It is impossible to conceive a more striking difference in manners and institutions, than that which must have presented itself to the traveller in very ancient times, when on crossing the Isthmus of Suez he passed from the deserts of Arabia and Idumæa to the richly cultivated and populous plains of Egypt. According to the statement already quoted from an ancient historian the wandering tribes of Nabaioth were forbidden by a positive law to till the ground or to construct settled habitations, and they lived on the produce of their flocks, which they continually led from place to place in pursuit of pasture adapted to the season of the year. The Egyptians, on the contrary, appear to have been originally under a prohibition of exactly the opposite kind, since they cultivated the ground with care, excelled most other nations in all the arts of life, and produced the most splendid proofs of their architectural skill, but were not allowed to keep flocks of sheep and goats. That this was the case at the time, when Jacob took his family to sojourn in Egypt, is evident from their application to Pharaoh on arriving in the land of Goshen, which was on the eastern border of Egypt adjoining Palestine and Arabia, to be permitted to remain there on the ground, that from their youth they had been accustomed to tend flocks, whereas “every shepherd was an abomination to the Egyptians[238].”
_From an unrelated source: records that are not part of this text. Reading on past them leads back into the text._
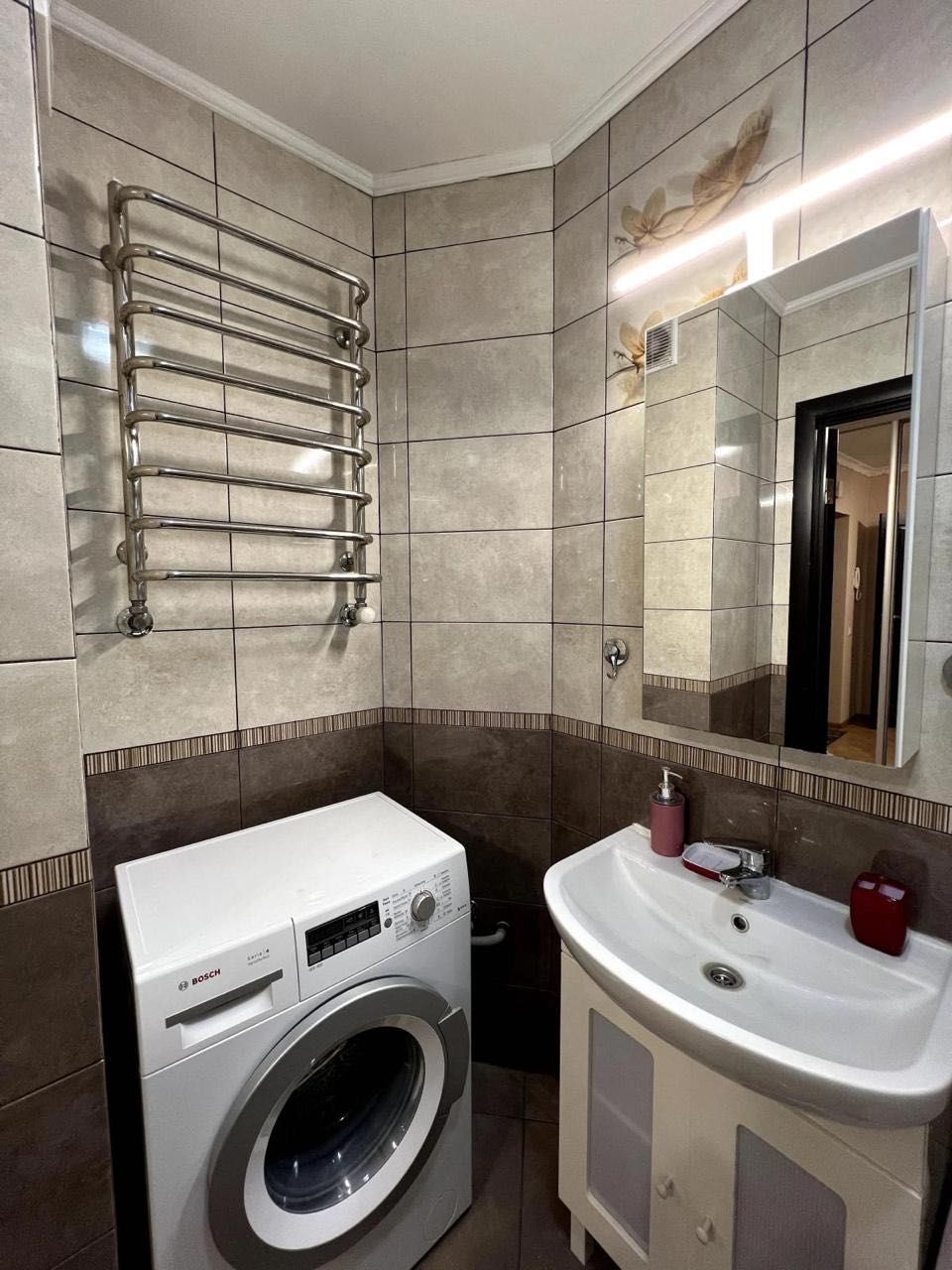 One-bedroom apartment on Striyska Street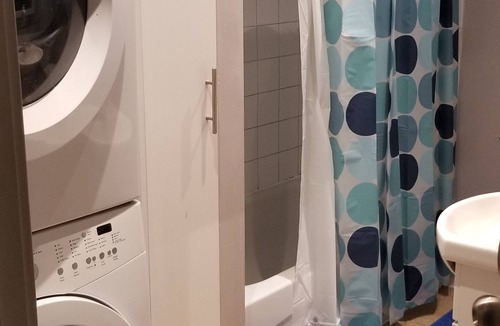 East Kildonan House | Unique cute three bedroom house for rent.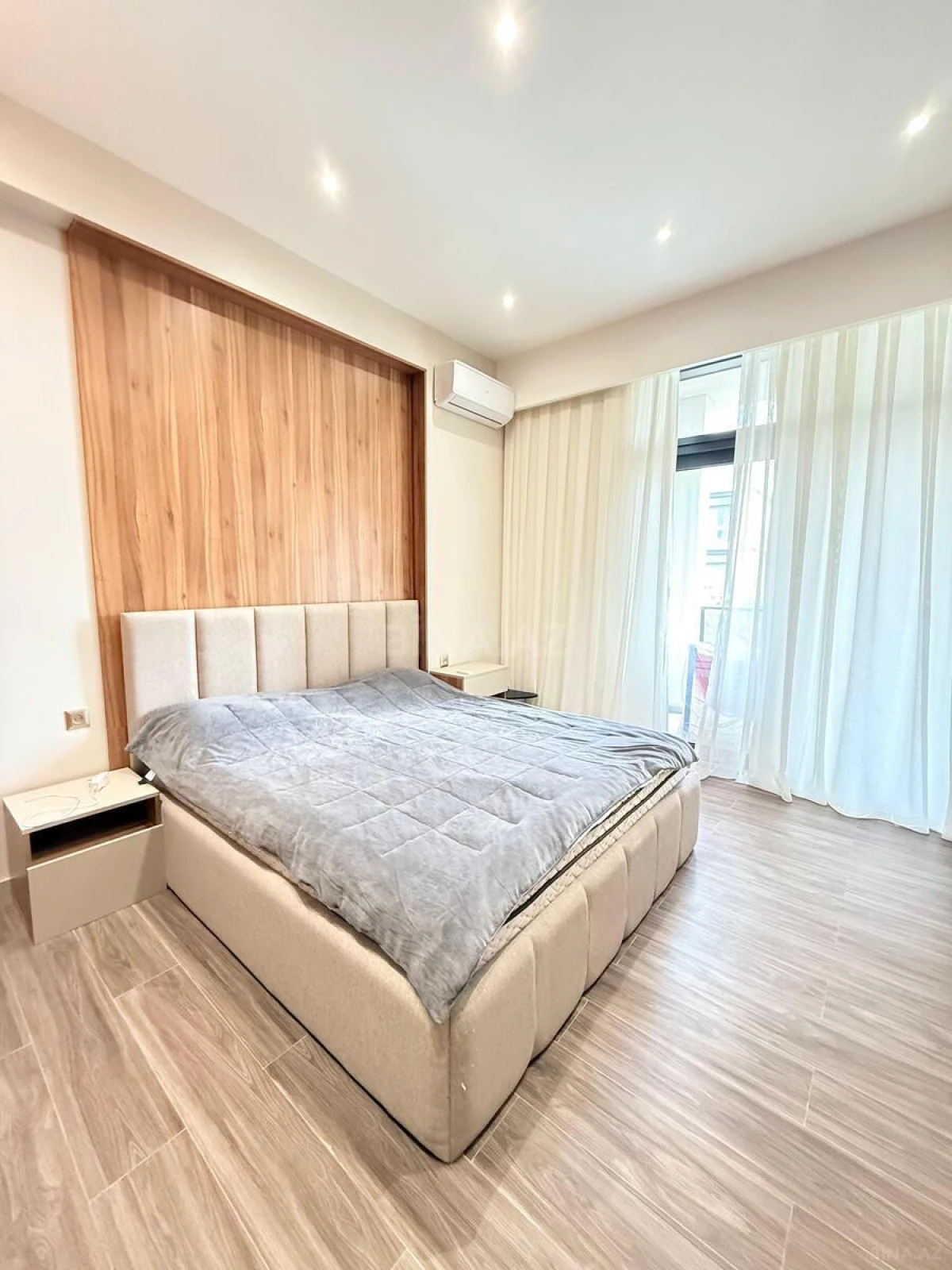 Satılır 2 otaqlı mənzil 75 m²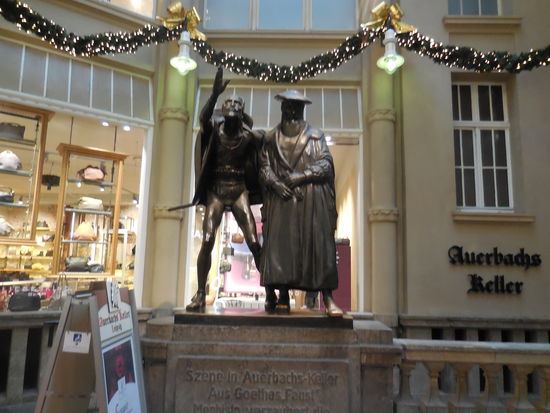 Mit Goethe´s Faust wurde ich zuletzt in der Schule gequält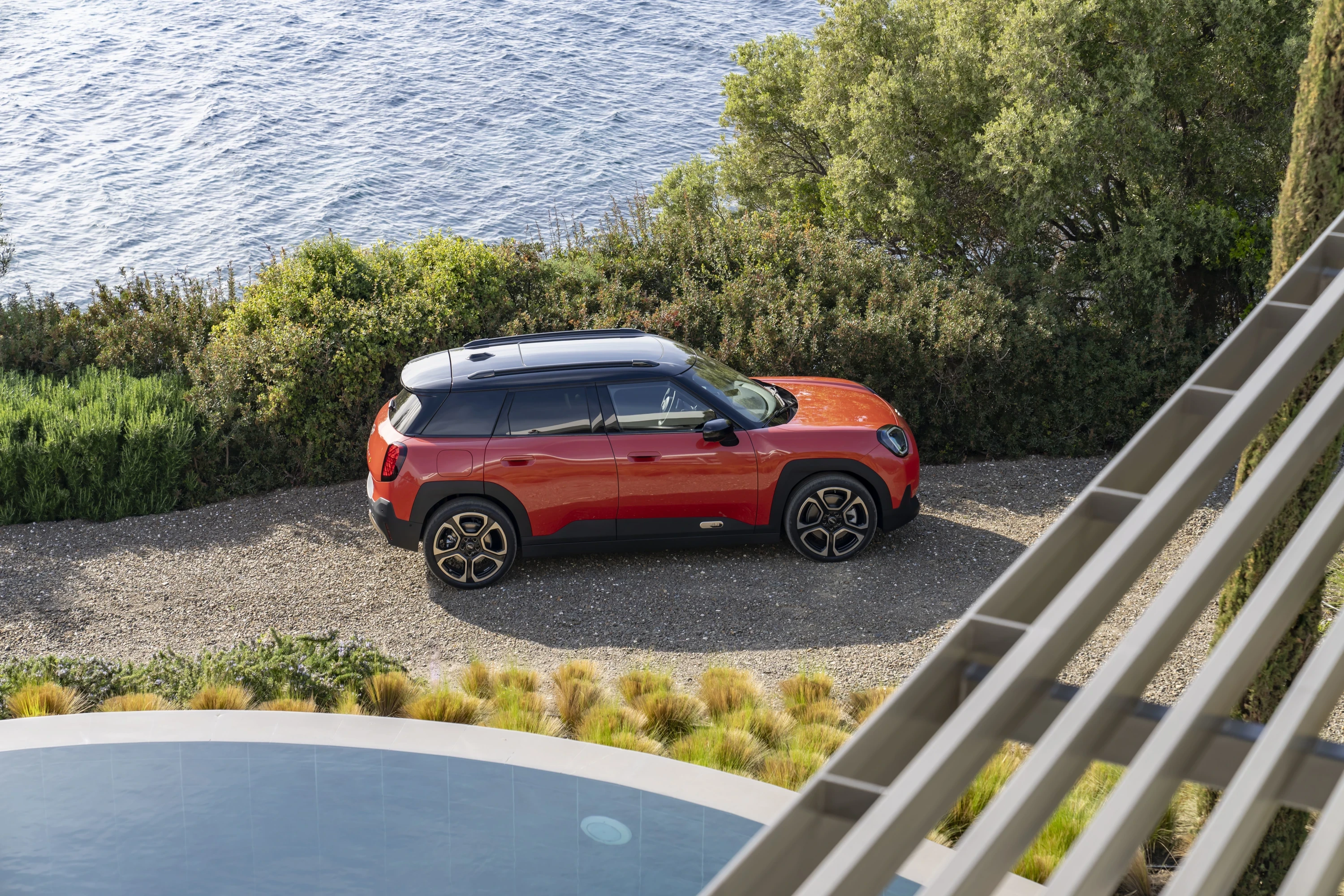 Mini Aceman SE exterior view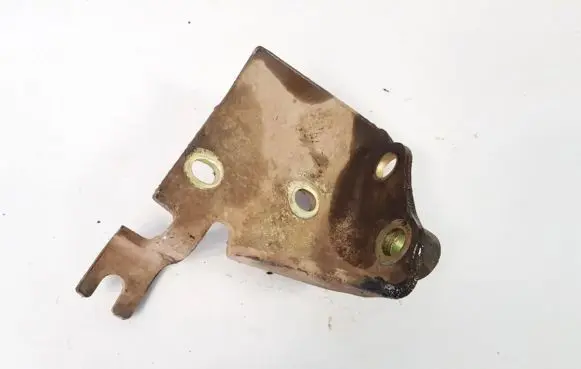 Nissan X-Trail T30 Engine mounting bracket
[238] Gen. xlvi. 28.—xlvii. 6. Compare Josephus, Ant. ii. 7. 5.

It appears that the Nabatæan law was far more effectual towards the attainment of its object than the Egyptian. For, whereas the pastoral tribes of Arabia have retained their independence and their national peculiarities even to the present day; the Egyptians, on the other hand, became a prey to foreign invasion, and among other changes in their customs we have to notice the introduction of the management of sheep. Even as early as the time of Moses the practice had commenced; for in the account of the effects of the murrain in Exodus ix. 3, we find mention of sheep, and indeed it is remarkable, that the domestic animals there enumerated, viz. horses, asses, camels, oxen, and sheep, are exactly the same, which, as we have before shown, were bred by the ancient Persians[239]. Later historians afford distinct testimony to the same fact. Thus Diodorus Siculus says, that “upon the subsidence of the waters after the inundation of the Nile the flocks were admitted to pasture, and the produce of the soil was so abundant, that the sheep were not only shorn twice, but also brought forth young twice in the year.” Herodotus also plainly supposes, that sheep and goats were bred in Egypt, when he contrasts the inhabitants of the Theban Nome, who worshipped Ammon, with the inhabitants of the Mendesian Nome, who worshipped Mendes. The former, he says, “all abstain from sheep, and sacrifice goats;” the latter “abstain from goats, which they hold in veneration, and sacrifice sheep.” He, however, mentions that the Thebans slew a ram once a year on occasion of a particular ceremony, which he describes (ii. 42. 46.). The testimony of Strabo and Plutarch, though differing in some particulars from that of Herodotus, is to the same general effect. Aristotle (l. c.) mentions, that the sheep of Egypt were larger than those of Greece.

[239] It should be observed, that the Hebrew word translated sheep in Ex. ix. 3. included goats.